#### Supplied data ####
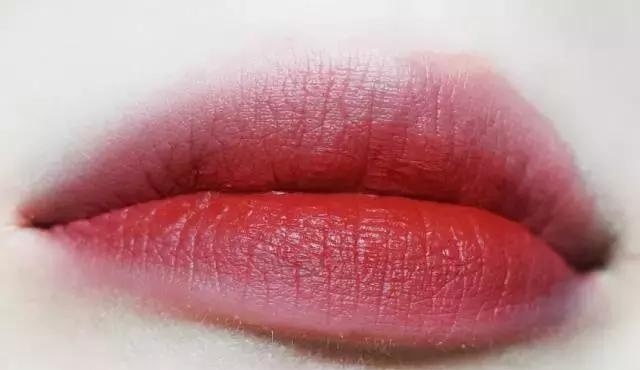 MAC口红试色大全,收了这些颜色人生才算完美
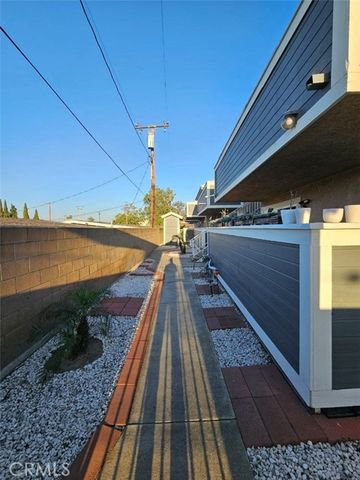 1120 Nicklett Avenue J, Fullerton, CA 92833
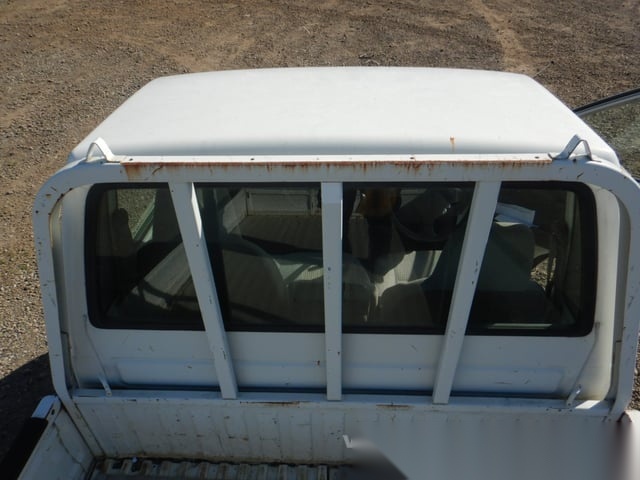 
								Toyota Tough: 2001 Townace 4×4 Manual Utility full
####
(Work request)
Every line above should be copied exactly, apart from any pictures.

(Written solution)
 MAC口红试色大全,收了这些颜色人生才算完美
 1120 Nicklett Avenue J, Fullerton, CA 92833
								Toyota Tough: 2001 Townace 4×4 Manual Utility full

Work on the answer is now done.